For dimensions p = [40, 20, 30, 10, 30], what is dp[2][3] = p[1]*p[2]*p[3] (the cost to multiply A_2 by A_3)?
Why this works
Why “guess the last action” works. Interval DP needs the slice to break into independent pieces. The trick is to fix the one decision that does the breaking and try all its options. In matrix chain that decision is the outermost (last) multiplication—choosing its split point k makes the left and right sub-chains independent, each a smaller interval. In burst balloons it is the last balloon popped inside the interval—once it is last, the rest of the interval is already empty, so its neighbors are the fixed borders. Both are the same idea: name the final action, and the leftover problem cleanly halves into two intervals you have already solved.
Common mistake
Mistake: iterating by start/end instead of by length. The single most common interval-DP bug is looping for i ... for j ... and computing dp[i][j] before all shorter slices are done. The code runs without crashing—it just reads cells that are still at their initial 0 and returns a wrong (usually too-small) answer. Always make interval length the outer loop, then derive j = i + len - 1. If you ever see an interval DP whose outer loop is the start index, suspect a dependency bug.
Edge cases
Off-by-one in the dimensions array. Matrix chain uses p of length n+1 for n matrices, where A_i is p[i-1] x p[i]. The join cost p[i-1]*p[k]*p[j] mixes three different indices, and it is easy to slip one. Sanity check with a length-2 chain: dp[i][i+1] must equal p[i-1]*p[i]*p[i+1], the only way to multiply two matrices. The base case dp[i][i] = 0 (single matrix) and the requirement i <= j (only the upper triangle is meaningful) round out the edges.
More practice
Burst balloons, framed as last-action interval DP. You have balloons with values; popping balloon i earns nums[left]*nums[i]*nums[right] where left/right are its current neighbors, then it is removed. Maximize total coins. Pad the array with virtual 1s at both ends. Let dp[i][j] = max coins from popping every balloon strictly between borders i and j. Guess k as the last balloon popped in that open interval: when it pops, i and j are its neighbors, so its reward is nums[i]*nums[k]*nums[j], and the two sub-intervals (i, k) and (k, j) are independent: dp[i][j] = max over k of dp[i][k] + dp[k][j] + nums[i]*nums[k]*nums[j]. Fill by interval length, same O(n^3). Notice it is “last action,” not “split point”—but the machinery is identical.
Explain what interval DP is, its recurrence, why it iterates by interval length, the matrix chain example, and its complexity.
Interval DP has a state that is a slice of the input: dp[i][j] = the best answer for the subinterval [i..j].
The recurrence: guess the last decision inside the slice—a split point k (or the last element handled)—which breaks it into two strictly shorter, independent sub-intervals, then combine and add the join cost:
dp[i][j] = best over k of dp[left] (combine) dp[right] + cost(i, k, j)Iteration order: loop over interval length short to long, then over the start index, then over the split point. Length-first is mandatory because every cell reads only shorter slices, which must already be filled.
Matrix chain multiplication (the canonical case): minimize scalar multiplications for A_1..A_n, where A_i is p[i-1] x p[i]:
dp[i][j] = min over k of dp[i][k] + dp[k+1][j] + p[i-1]*p[k]*p[j]

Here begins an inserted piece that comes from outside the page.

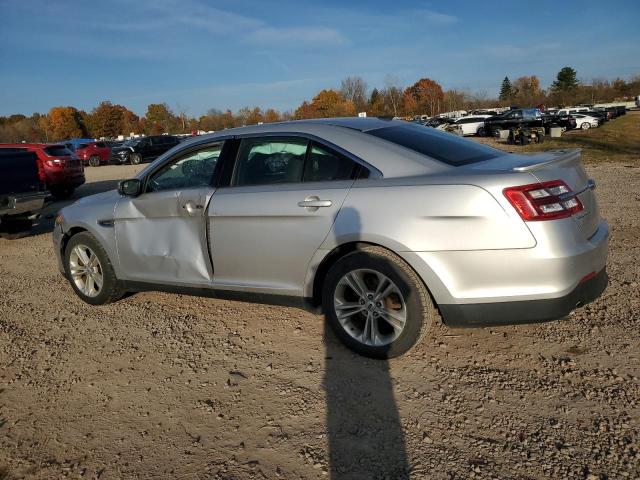  FORD TAURUS 2017 Silver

dp[i][i] = 0Burst balloons is the same shape with a twist: instead of a split point, guess the last balloon popped in the interval—once it is last, its neighbors are the interval’s fixed borders and the two sides are independent.
Complexity: O(n^2) states times O(n) split points each = O(n^3) time, O(n^2) space.
That closes the dynamic programming unit. You have climbed from a single moving index (Fibonacci) to a 2-D grid to a slice of the input with an inner split loop—the full range of DP state shapes a senior engineer reaches for.